One day I received an root mail from my machine, talking about some packages are broken in the cache. The investigation begins…
I received a root mail from my machine this morning, contents are shown below:
Subject: Cron <root@win> test -x /usr/sbin/anacron || ( cd / && run-parts --report /etc/cron.daily ) /etc/cron.daily/apt: Cache has broken packages, exiting
Search for Solutions
First of all, collect all information which could be useful for later searching.
Unfortunately, the only information is that root mail. So I fed Google with the
error message, I found one post discussing about this problem. Someone said that
was because the root file system was low on free inodes, but not free space.
We can check this by
$ df -i Filesystem Inodes IUsed IFree IUse% Mounted on /dev/sda1 327680 324403 3277 99% / udev 253837 445 253392 1% /dev tmpfs 256454 351 256103 1% /run none 256454 2 256452 1% /run/lock none 256454 1 256453 1% /run/shm /dev/sdd1 327680 4013 323667 2% /lib/modules /dev/md0 1310720 240845 1069875 19% /home
Ah-ha! This might be the problem! So our goal is turning to “how to reduce the inodes which are being used?”. The guy in the forum also mentioned that removing old linux-kernel-* and linux-headers-* will fix the problem. But how to remove them? Where are they?

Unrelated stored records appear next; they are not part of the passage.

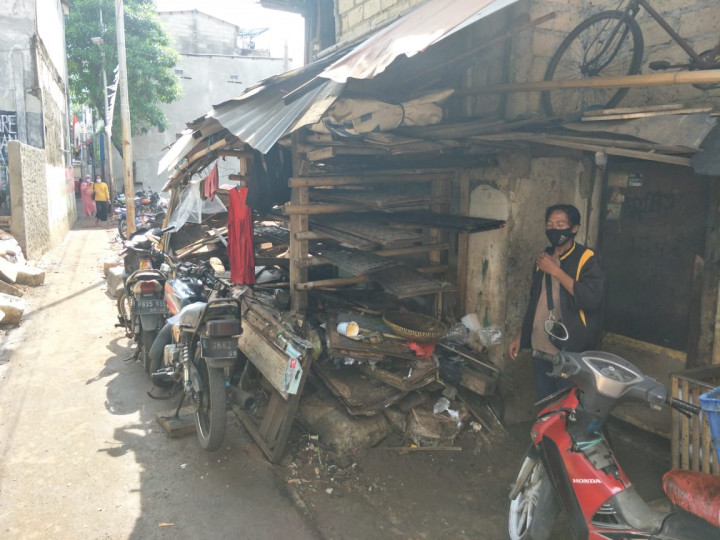 Terdampak Banjir, Aktivitas Pedagang Tempe Kawasan Buncit Terganggu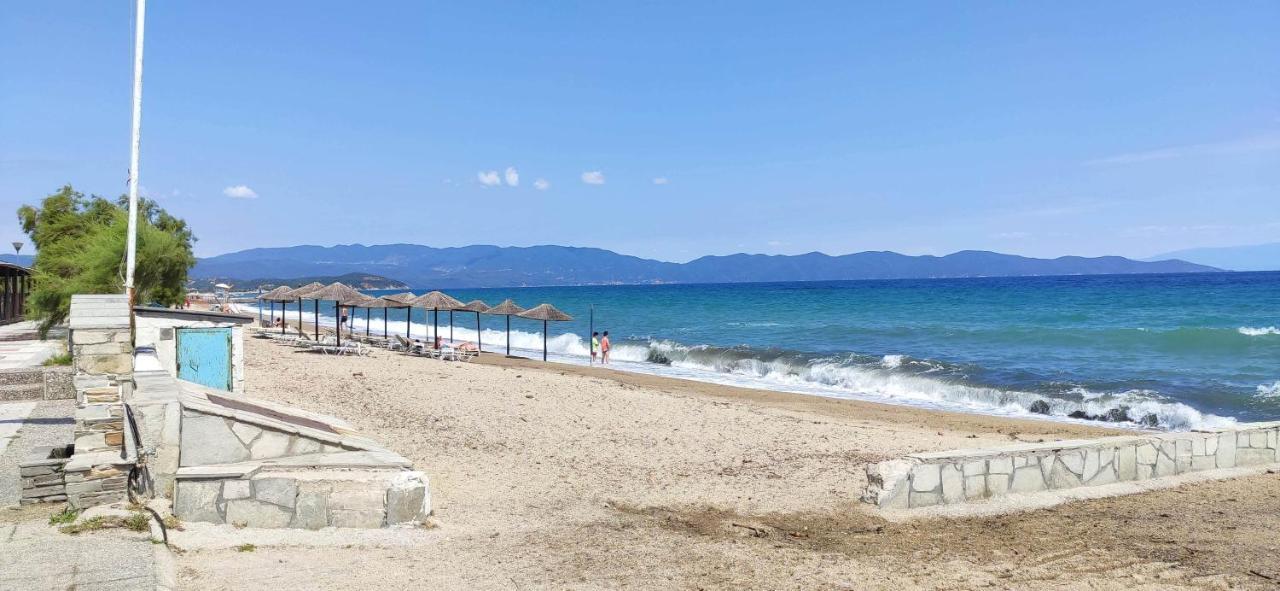 Ostria Apartment Ierissos Bagian luar foto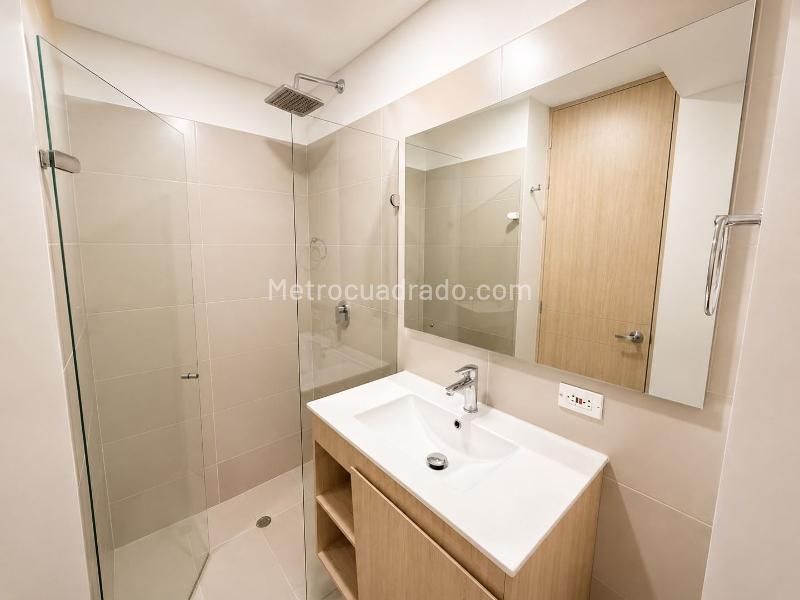 Apartamento en Arriendo, SANTA BARBARA CENTRAL USAQUEN   Santa Bárbara, Bogotá D.C. - Widok 4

Another article told us how to purge old and useless linux images and header
packages by using
$ dpkg -l 'linux-*' | sed '/^ii/!d;/'"$(uname -r | sed "s/\(.*\)-\([^0-9]\+\)/\1/")"'/d;s/^[^ ]* [^ ]* \([^ ]*\).*/\1/;/[0-9]/!d' | xargs sudo apt-get -y purge
After seeing this, I gave it a try but failed with the dependency warning. The warning said that I must install “linux-headers-3.2.0-72” because “linux-headers-3.2.0-72-generic” needs it. So I install the dependency according to the instruction it provided:
$ sudo apt-get -f install
Unfortunately, it failed again because there was no free disk space any more. I faced a dead lock between installation and uninstallation! What a joke…
My Solution, Ugly
Also, the running kernel version is not the newest, which means the system administrator has not reboot the machine since kernel upgrade.
$ uname -r 3.2.0-67-generic
I found many
/usr/src directory. So chances are that I may move those
directories to another place which is not under root directory. And I did it.
Now we can install the dependencies by
sudo apt-get -f install linux-headers-3.2.0-72
After the dependencies were installed, we can remove all the previous kernel images, headers and modules, leaving only the current one intact. Using the one liner specified in last section will do the trick. (But it is important that the machine should reboot before purging the old kernel images. If you did not reboot, next time rebooting the machine will fail because it cannot find the kernel image.) After all, our precious disk space is returned!
To prove that our work does solve the original problem, we simply run the cron job manually:
$ cd / $ sudo run-parts --report /etc/corn.daily
Waiting about 20 minutes, this time no more errors are shown. Hooray!